Tonight’s performers, known as Grass Widow and composed of Lillian Maring, Raven Mahon, and Hannah Lew, are a San Franciscan trio who generate hooking and often haunting layered melodies that are reminiscent to the genre post-punk.
Forming in 2007, the group are staples in the San Francisco music scene.
However, despite the obvious success of Grass Widow, the band still faces troubles of gender that come with being a woman in a successful band.
It has been over 30 years since punk rock was born, and around 20 years since the movement called Riot Grrl drastically shaped the way this subculture views gender, yet a dark and looming figure still clouds the music.
Unfortunately, not even the Do-It-Yourself roots of punk have gone without the influence of sexism that continues to prevail in its own subtle ways.
Victoria Guzman, a bassist who attends SF State University, shares the implications of sexism in rock music.
“It’s kind of like when people ask me when I play instruments, and I say that I’m learning to play the bass, it feels like aw that’s cute,” says Guzman. “Rather than cool, let’s collaborate, let’s make music, it feels more patronizing you know?”

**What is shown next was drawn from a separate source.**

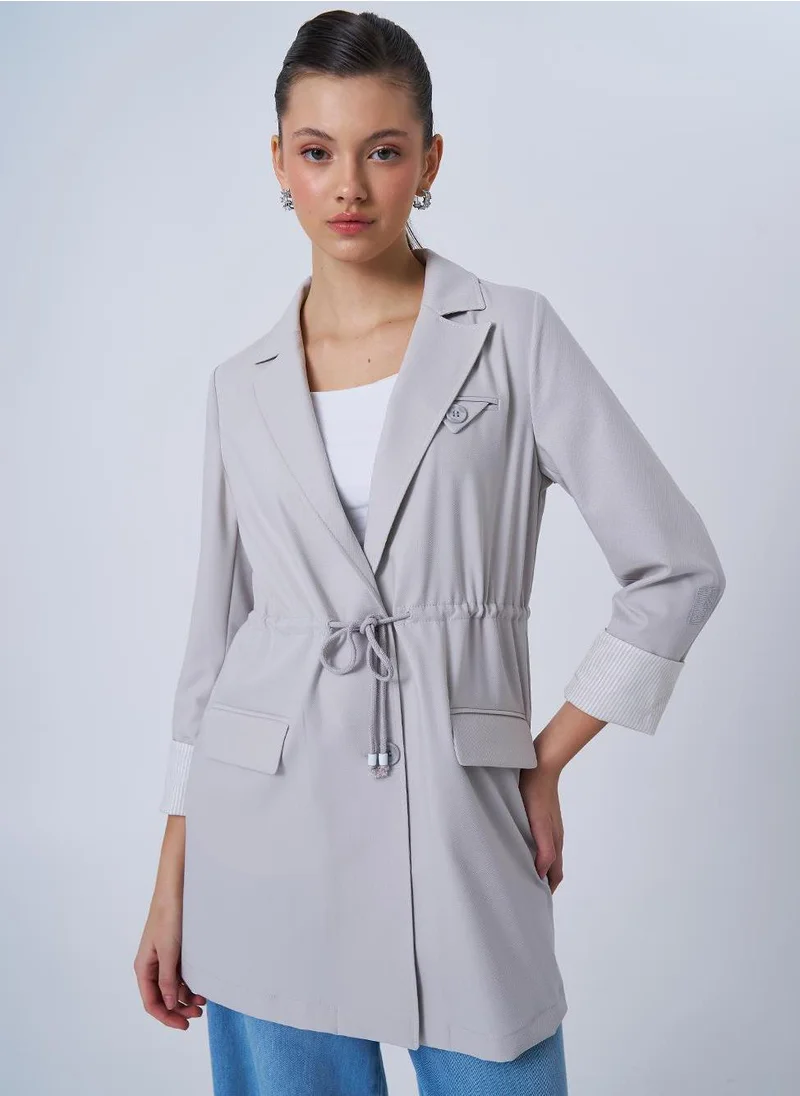 Kayra Waist-Detail Basic Jacket Grey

This is most prevalent in the clumping of the work of female musicians as though “female” were a genre in itself. The idea is that every female drummer is the next Meg White of The White Stripes, and that all bassists are a Kim Gordan of Sonic Youth or a Kim Deal of the Pixies. Yet the reality is that there is no “female” sound, rather the ignorant categorization of female musicians as being all but the same.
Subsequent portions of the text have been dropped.